Daikon - Cut the top off the Daikon to help keep moisture in the roots, store the Daikon in a closed container in the fridge and they should last for up to two weeks if not more. A wet paper towel can also be placed in the container to help maintain humidity and keep the roots from wilting.

*Grapefruit- Grapefruits can be stored at room temperature for a couple of weeks or refrigerated for up to several weeks. Keep away from direct sunlight and heat.

Leeks- These large alliums are rather mild in flavor and simply melt to perfection when sautéed. Use in soups, stir-fries, or in place of onions in other dishes for a delicious and more subtle flavor. Save the dark green tops for making vegetable stock! Leave in an open container in the crisper wrapped in a damp cloth or in a shallow cup of water on the counter (just so the very bottom of the stem has water).  Will last at least a week.

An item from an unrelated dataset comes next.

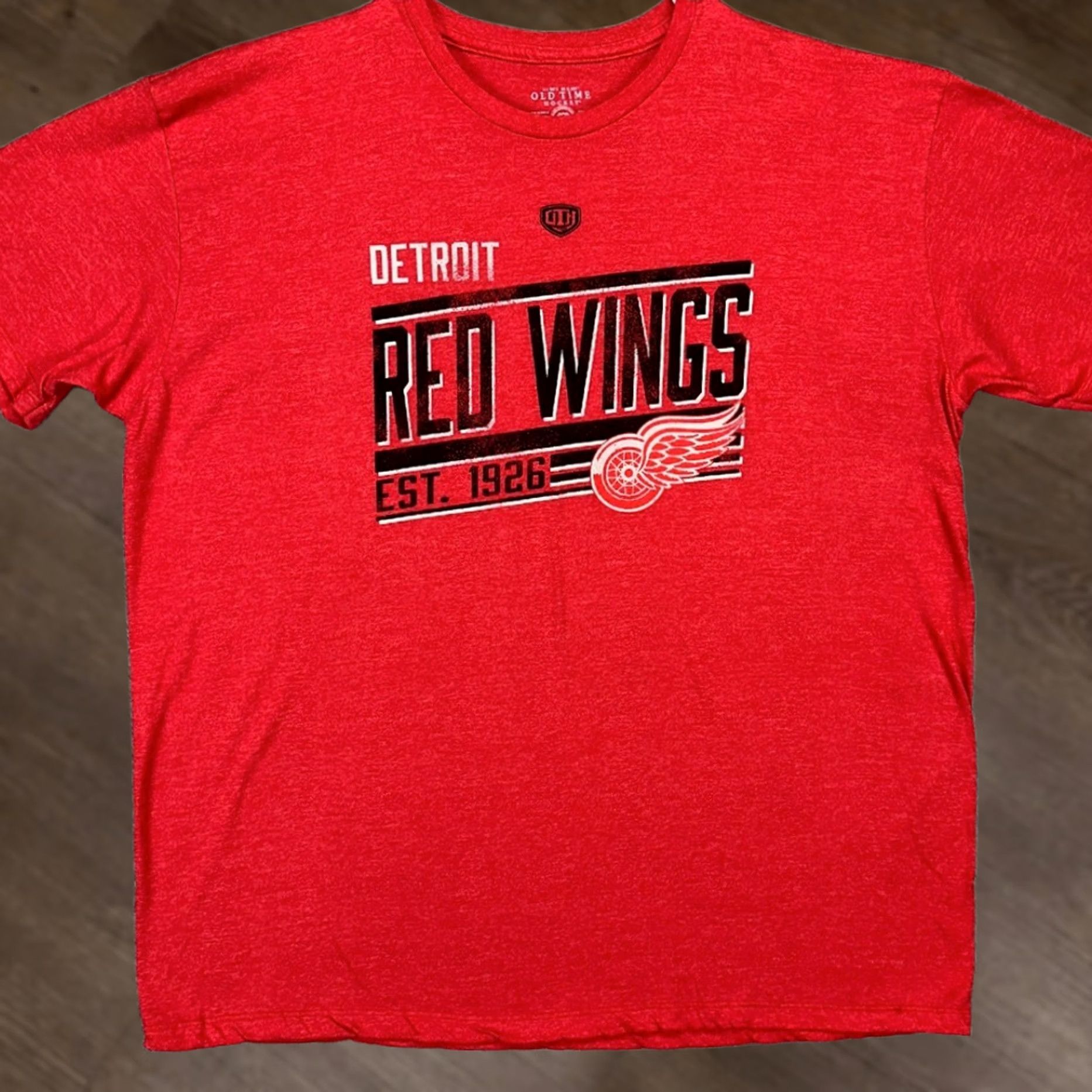 Vintage Detroit Red Wings T-Shirt Mens 2XL Red Short Sleeve Tee Logo NHL Old Time Hockey Size US XXL / EU 58 / 5 - 1 Thumbnail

*Lemons- This versatile fruit adds a great touch to winter greens and salads. It will store longer, several weeks, if wrapped and placed in crisper of the fridge, but if you are going to use it within a few days it can be stored on the counter.

*Lettuce or Spinach- Keep damp in an airtight container in the fridge. Keeps for one week.

* Romanesco- Will last up to one week in a closed container in the fridge, but has better flavor if consumed earlier. Cut florets away from the core and soak in warm soapy water or salt water for 10 minutes to wash away any aphids. Florets can also be lightly boiled in salt water for a couple of minutes for this purpose. Rinse before preparing.

2. THIS WEEK'S RECIPES

Beef Meatballs with Lemon and Celeriac

Crispy Curried Cauliflower

Grapefruit Vinaigrette

3. SHOPPING LIST FOR ALL RECIPES (ASSUMES YOU HAVE SALT, PEPPER, AND WATER):

Shopping List for Beef Meatballs with Lemon and Celeriac:

14 oz Ground Beef

1 medium Onion

3 cups fresh White Breadcrumbs

1 cup Parsley

1 large Egg3/4 tsp ground Allspice

2 TB Olive Oil

3 cloves Garlic

1/2 tsp ground Turmeric

1 1/2 tsp Fennel Seeds

1 tsp Sweet Smoked Paprika

2 cups Chicken Stock

Shopping List for Crispy Curried Cauliflower:

1 1/2 TB Coconut Oil or Ghee

1/2 Dried Arbol Chile

Curry Powder

1 Lime

Shopping List for Grapefruit Vinaigrette:

1 tsp Honey or Agave Syrup

1 TB plus 1 tsp Sherry vinegar or Cider Vinegar

2 TB Sunflower Oil

1 TB Extra Virgin Olive Oil

///

Grapefruit Vinaigrette

1 Grapefruit

1 tsp Honey or Agave Syrup

Pinch of Salt

1 TB plus 1 tsp Sherry vinegar or Cider Vinegar

2 TB Sunflower Oil

1 TB Extra Virgin Olive Oil

Squeeze 1/2 of the grapefruit.  Measure out 1/3 cup of juice and place it in a small saucepan. Add the honey or agave and bring to a boil over medium-high heat.  Reduce to 1/4 cup and remove from the heat. Whisk in salt, vinegar and the oils. Cut away the peel and pitch from the remaining grapefruit half.  Cut the sections away form the membranes that divide them and chop fine. Stir into the vinaigrette.